Hyperbole or not, we get a feel for the utter devastation that comes between us and God when unconfessed sin remains hidden.
I recall a mother who came for prayer about her older daughter who was caught up in drugs and alcohol. I said, “Before we pray, tell me how things are going at home in your marriage.”
She replied, “Things are not going well,” she said. “We are having a lot of problems. We fight over finances and money. He’s not coming to church no matter how hard I try to get him to come.”
So I offered, “Maybe your marital problems are the very reason that your prayers are ineffective. If you clean up the sins in your marriage and life, I believe that God is better able to do what you ask."

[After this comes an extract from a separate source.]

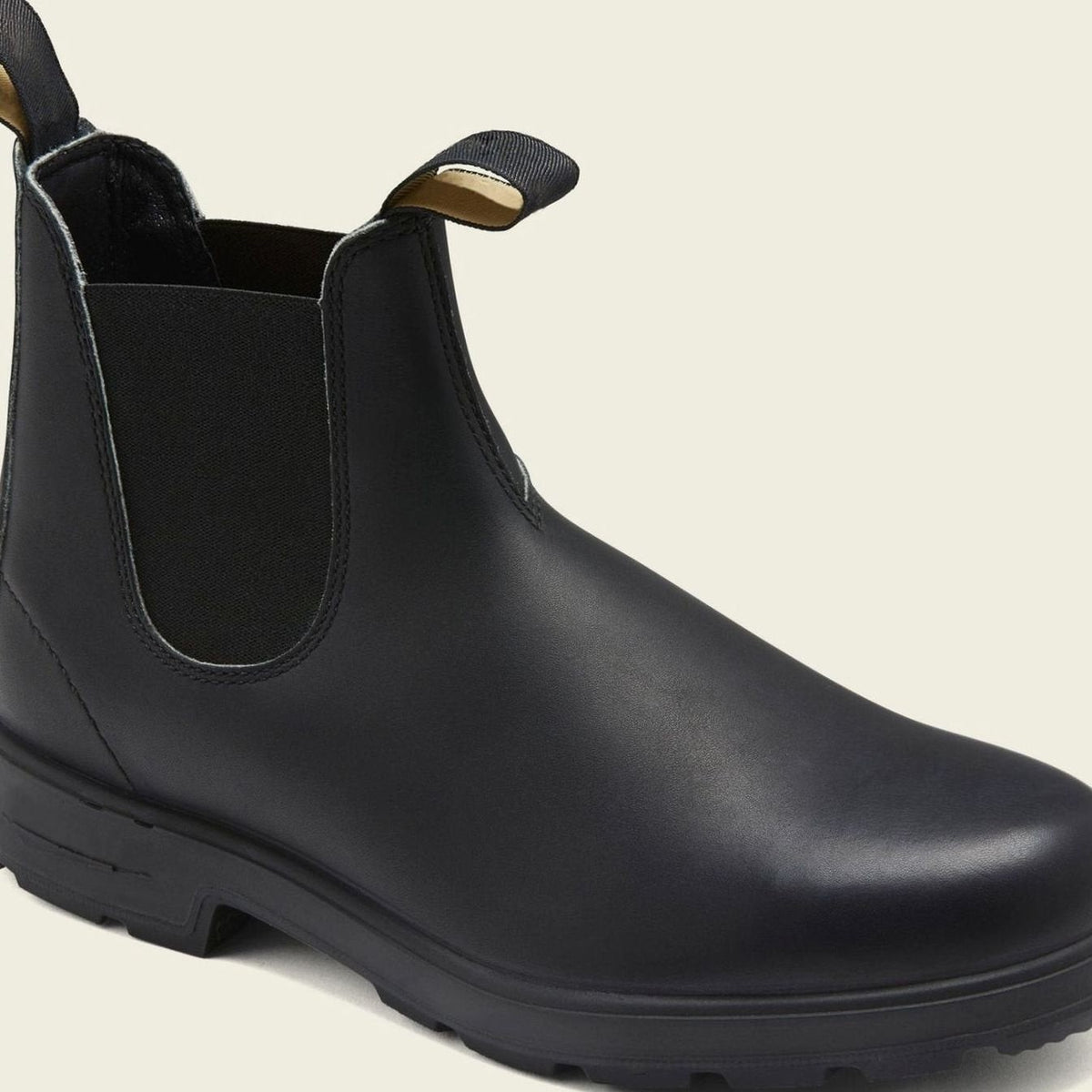 Sleek black leather Chelsea boots with elastic panel and pull-tab detail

2. Hidden Sin Rots Our Souls
When I kept silent, my bones wasted away through my groaning all day long. For day and night your hand was heavy on me; my strength was sapped as in the heat of summer. (Psalm 32:3-4)

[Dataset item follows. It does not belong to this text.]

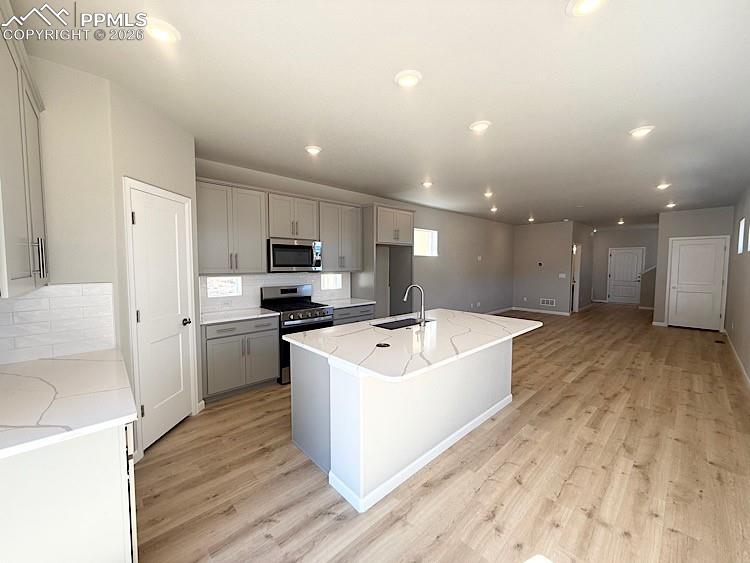 Kitchen with Quartz slab countertops, pantry, large island providing additional seating, single bowl composite sink, gas range, microwave, and dishwasher! The chef will enjoy prepping meals in this Kitchen!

David wrote this verse referring to his adultery with Bathsheba. He thought his sin was all hidden until the prophet Nathan pointed his finger at David and said, “You are the man.” The story was out and David paid the consequences. His next child was doomed to die and his family was plunged into rape, lying, and rebellion.
I’ve dealt with way too many adulterous men whose insides are inflamed as they struggle with whether or not to keep their sin hidden or confess it.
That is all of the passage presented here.